Jean Pierre Mourey, esthéticien, pose la question de l’écart dans « Exotismes ». Il perçoit l’existence d’un double exotisme chez Jean Le Gac : exotisme du lointain, avec ses illustrations et exotisme du familier par mélange de vécu et de fiction. En effet, vis à vis de l’art contemporain « officiel », la posture artistique de Le Gac se situe à l’écart, elle est exotique : sa révélation de la peinture provient de sa rencontre fortuite avec une tonnelle de la vieille ville d’Honfleur et non de la fréquentation des œuvres, lui-même se présente comme professeur d’arts plastiques de collège. Or, Adieu Marseille montre deux matelots peintres amateurs, qui déclarent en riant : « L’art assez ! ». Le coefficient d’exotisme anachronique est augmenté dans d’autres œuvres de Le Gac, par les accessoires de présentation :  chevalet, appareil photographique, etc. Il y a ici plusieurs niveaux d’écart par combinatoire d’éléments différents, par distanciation imposée, par recyclage de mythes, d’images et de pratiques communes, par métissage entre fiction et réalité (biographies inventées, doublures, jeux de rôles). Le Gac est à l’écart mais jamais étranger aux pratiques de son siècle.

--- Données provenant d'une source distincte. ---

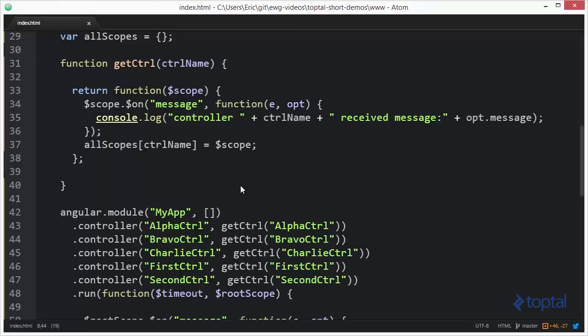We're also saving a copy of all of the scopes here to this scope object called AllScopes. This will make it easier for us to reference a particular scope and send a message from that scope.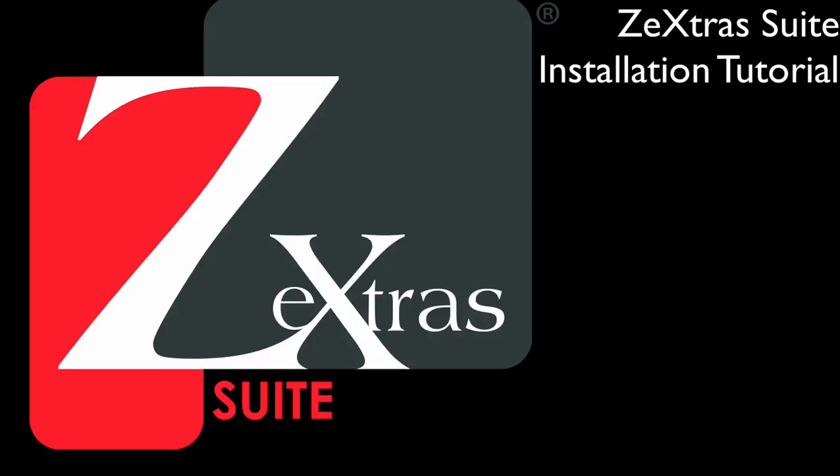Hi, my name is Cine, and in this video I'm going to show you how to install Zextras Suite on your Zimbra server.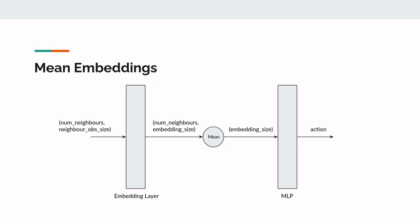Now let us take a look at some of the models used in this project. We chose mean embeddings to be the baseline because it is a simple model that provides good performance. The key feature of mean embeddings architecture is the embedding layer followed by the mean operation. This architecture can handle both variable number of neighbors and is also permutationally invariant as the mean operation is permutationally invariant.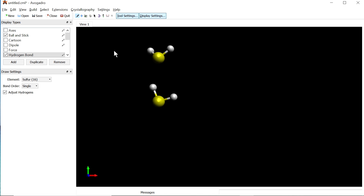These two systems — H2O dimer and H2S dimer — are examples of intermolecular hydrogen bonding, which exists between two different molecules. Now we will discuss a system where hydrogen bonding exists within a single molecule — that is called intramolecular hydrogen bonding. Delete all the current molecules.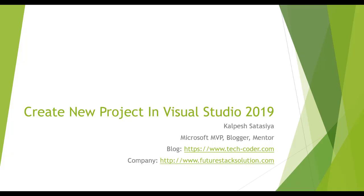Hello friend, this is Kalpesh Satasiya. Today we are looking at how to create a new project in Visual Studio 2019. As we know, ASP.NET Core 3.0 was recently released and it works in Visual Studio 2019.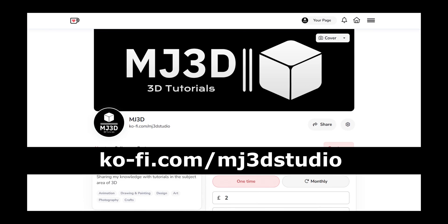If you enjoyed these videos and would like to support the channel then you can do so via my Ko-Fi page. That's at ko-fi.com/mj3dstudio. Any donations will be used to help expand the channel. I'd like to thank you all for watching and I hope to see you again soon.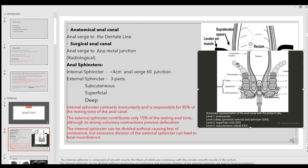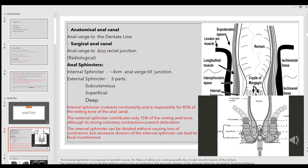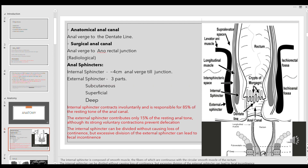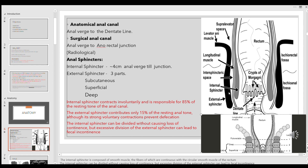The external sphincter then continues as levator ani. In my reports, I always mention the internal sphincter and the external sphincter complex. I will either mention the external sphincter separately in relation to the puborectalis muscle and levator ani, or mention it as the external sphincter complex — depending upon the complexity of the track.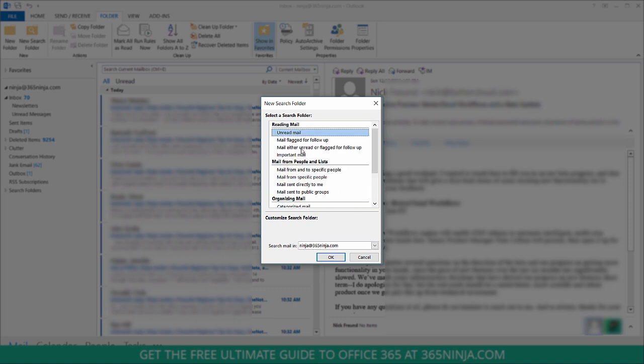Today we're going to create an unread mail folder, so all my unread messages will be filtered into one folder I can access instead of having to scroll through my inbox.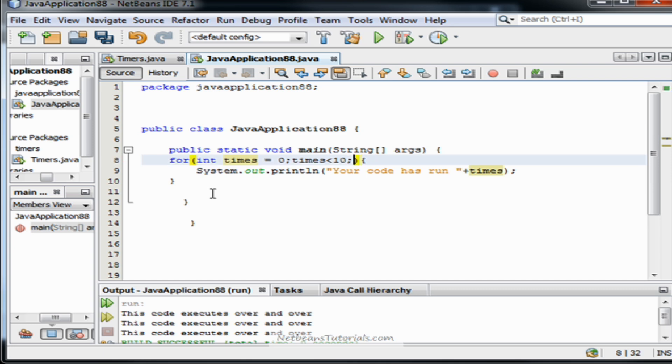And then on three, each time the for loop runs, we have to add one to the amount of times it's run. It starts at zero and then the first time it runs, we'll add one. So it'll be one time run.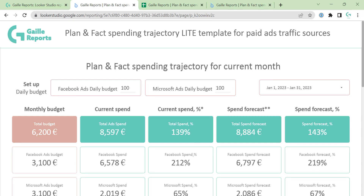Hi, my name is Kala. I'm a Looker Studio expert and today I want to present you one of my simple transparent templates for paid traffic.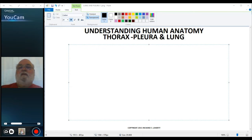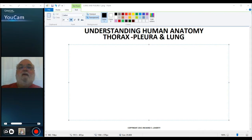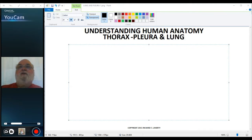Welcome to another session of Understanding Human Anatomy. We're going to continue our discussion of the thorax and concentrate on the respiratory system with the lungs, the bronchial tree, and the pleura. In this first video, I want to talk mainly about the pleura.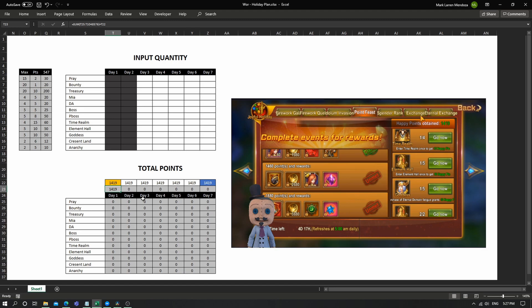What else I should do for today. For example, I haven't completed my time realm yet. With 1419, I can do three more time rounds.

Daan Van Spreybroeck, philosophe, tente un parallèle dans  « Sauve qui peut la peinture », entre cette œuvre et celle de Jean Michel Alberola, Suzanne et les vieillards, La nuit surveille la peinture, 1985, car elles présentent un certain nombre d’analogies : représentation maritime, représentation du peintre à l’action, présence de texte, etc. Cependant les divergences dominent. Alberola travaille sur les dérives du regard, alors que Le Gac questionne l’existence de la vraie peinture. Adieu Marseille montre le panneau avec l’uniforme comme contrepartie du panneau où sont représentés les deux peintres à l’action plaisantant sur : « L’art assez ! ». Cette peinture montre la vanité du pouvoir, à l’image de l’art dominant et vise dans son noyau, à leur renversement. Le Gac travaille le tableau comme signe, l’œuvre devenant révélation de l’inaperçu. Le Gac intègre ses propres références étrangères à l’art officiel (cartes postales, illustrations, etc.). La conscience de ses lacunes artistiques est pour lui, constitutive de son art. Daan Van Speybroeck établit un parallèle avec Jacques Rivette adaptant le chef d’œuvre inconnu de Balzac au cinéma, pour démontrer que selon lui, Jean Le Gac ne résoudra jamais son problème de double foyer, source bipolaire de son art. Adieu Marseille est-elle une parabole de la situation de l’art contemporain, ou bien une contribution salvatrice à sa poursuite, car malgré « L’art assez ! » Jean Le Gac continue de peindre ? 

 

 

 

 

 

[i] Association linguistique de termes concret et abstrait.

[ii] Ensemble d’éléments thématiquement apparentés.